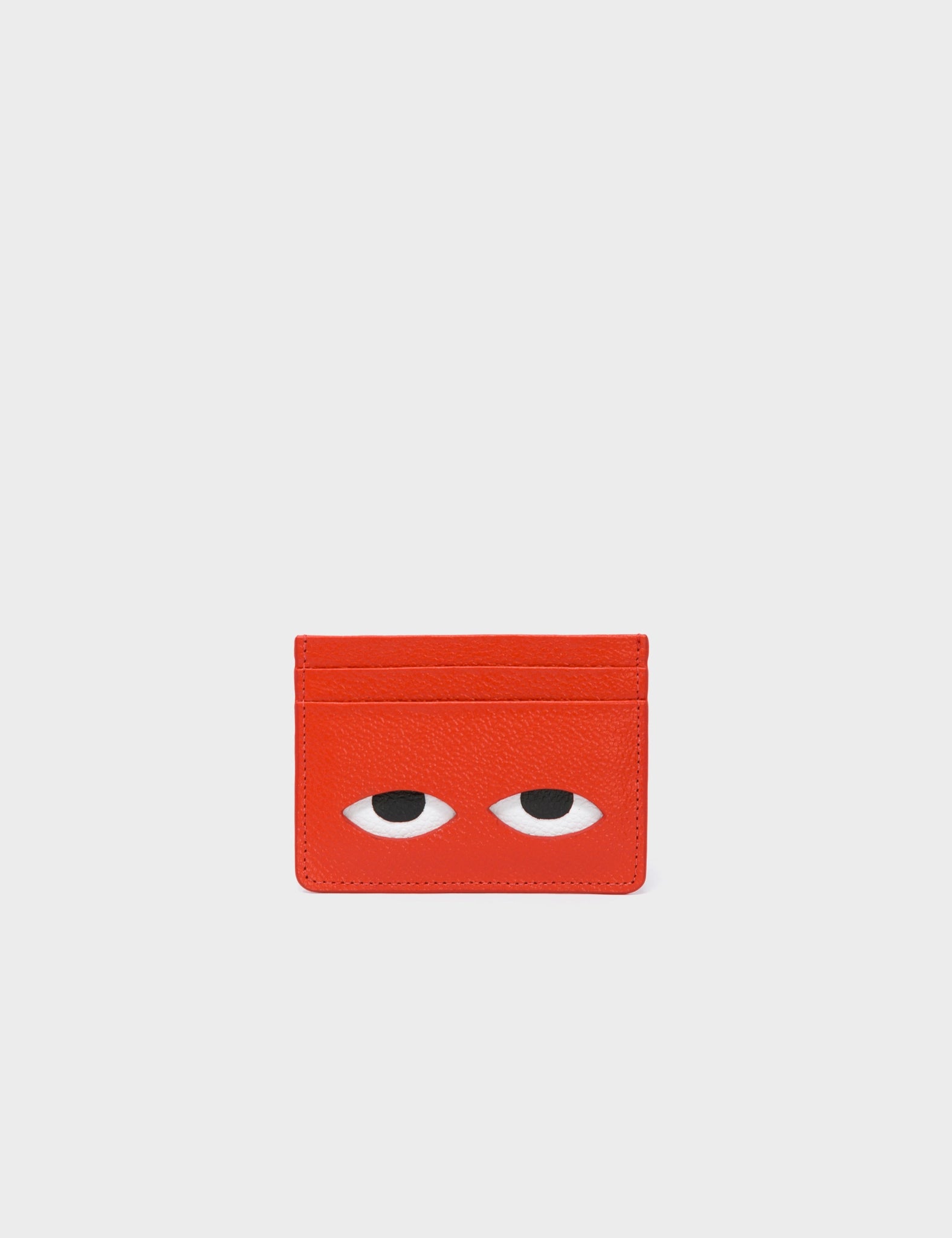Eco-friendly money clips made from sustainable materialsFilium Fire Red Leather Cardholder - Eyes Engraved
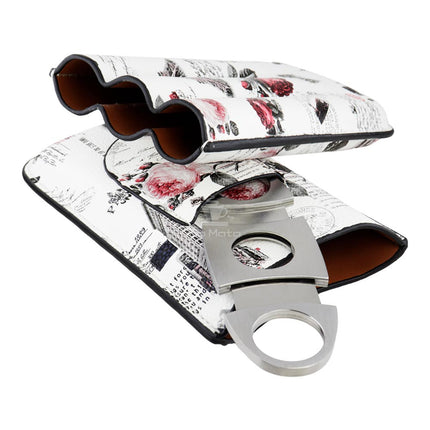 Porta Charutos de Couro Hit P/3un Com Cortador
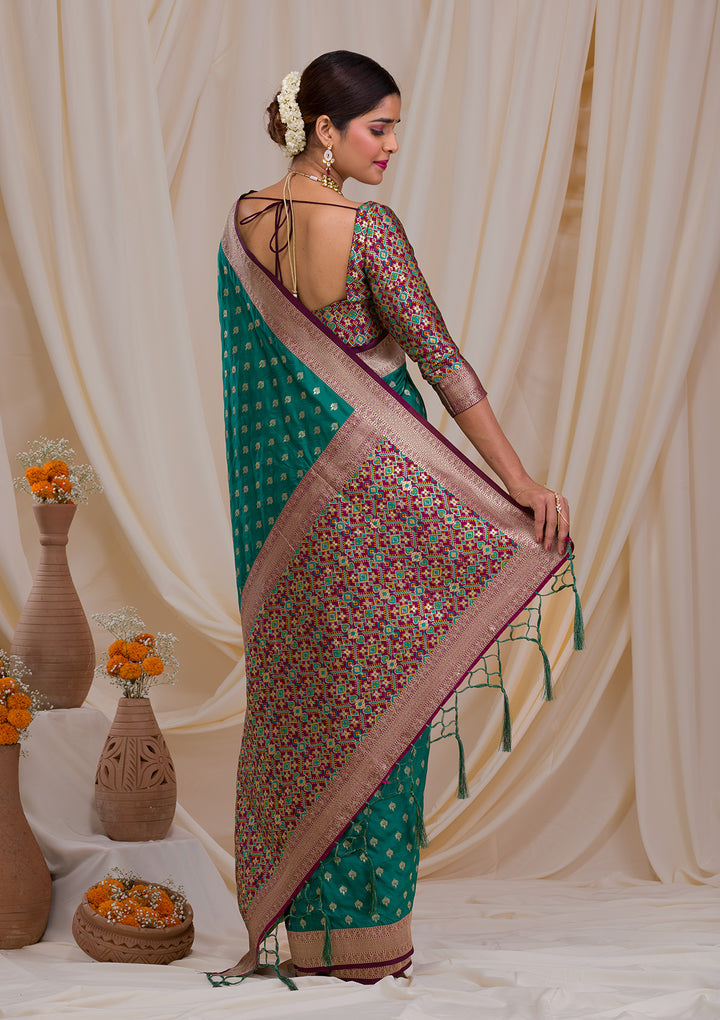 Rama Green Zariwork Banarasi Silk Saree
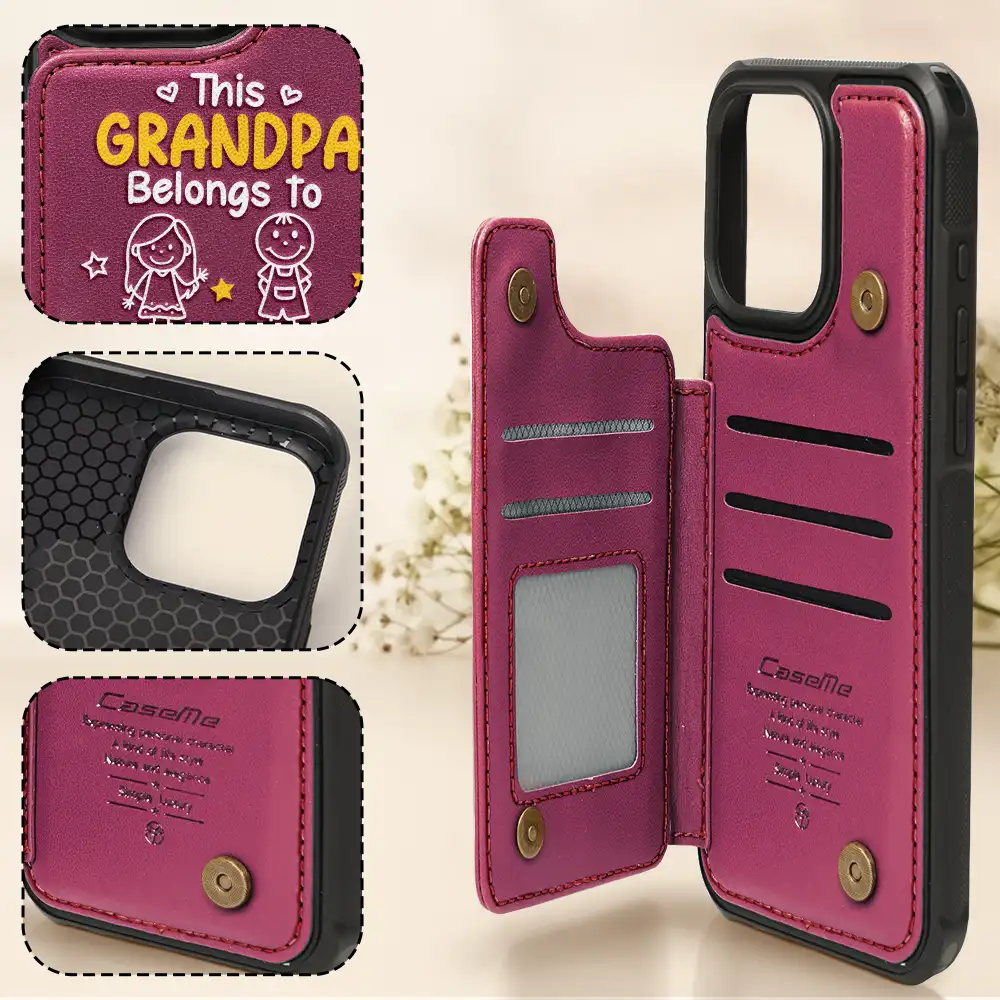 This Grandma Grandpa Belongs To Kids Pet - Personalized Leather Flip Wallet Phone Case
==
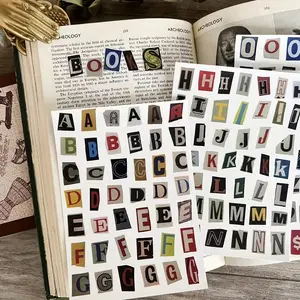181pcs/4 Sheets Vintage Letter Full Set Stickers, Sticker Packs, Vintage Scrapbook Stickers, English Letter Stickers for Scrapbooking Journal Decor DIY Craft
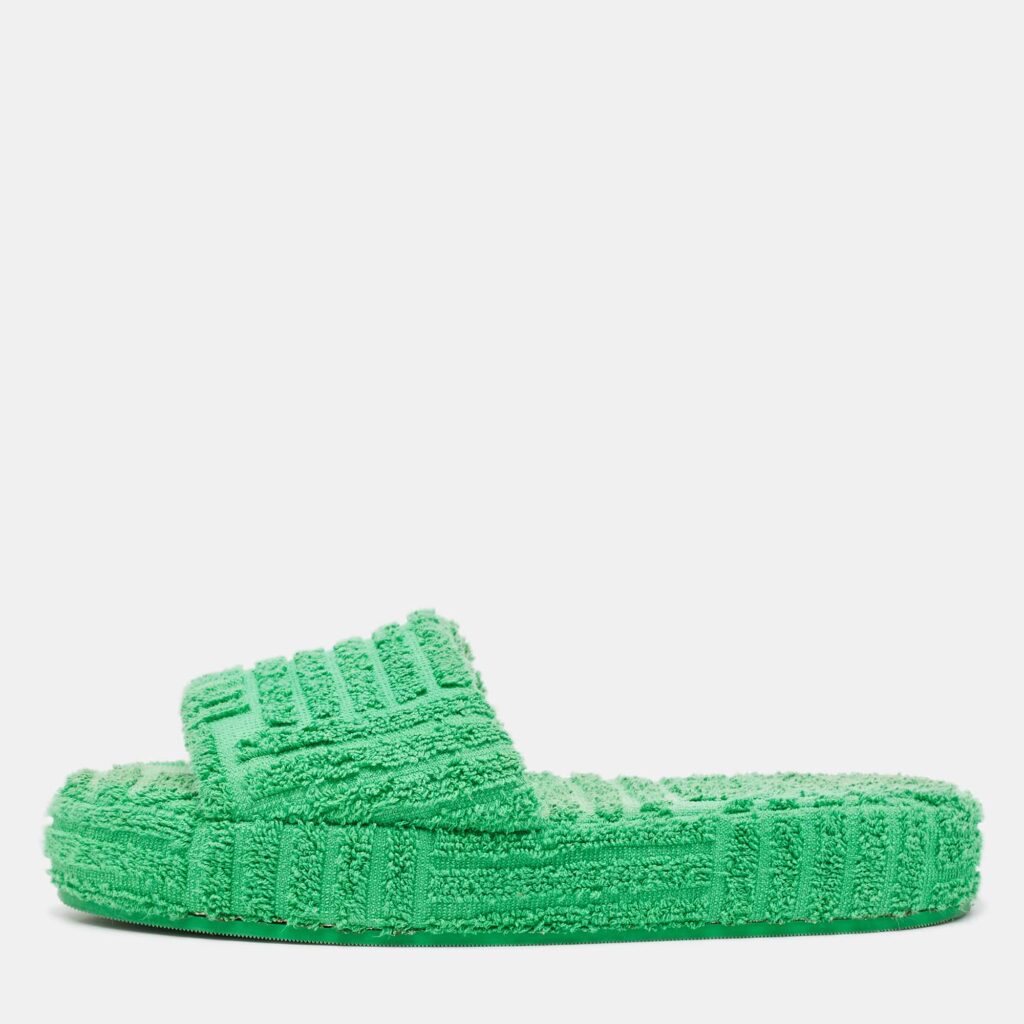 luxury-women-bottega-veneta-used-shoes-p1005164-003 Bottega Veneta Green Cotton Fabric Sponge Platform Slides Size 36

WHAT IS REQUIRED: Write out exactly the run of lines above that starts at the line containing "Rama Green Zariwork Banarasi Silk Saree" and ends at the line containing "This Grandma Grandpa". Include both, and leave the pictures out.

ANSWER SPACE:
 Rama Green Zariwork Banarasi Silk Saree
 This Grandma Grandpa Belongs To Kids Pet - Personalized Leather Flip Wallet Phone Case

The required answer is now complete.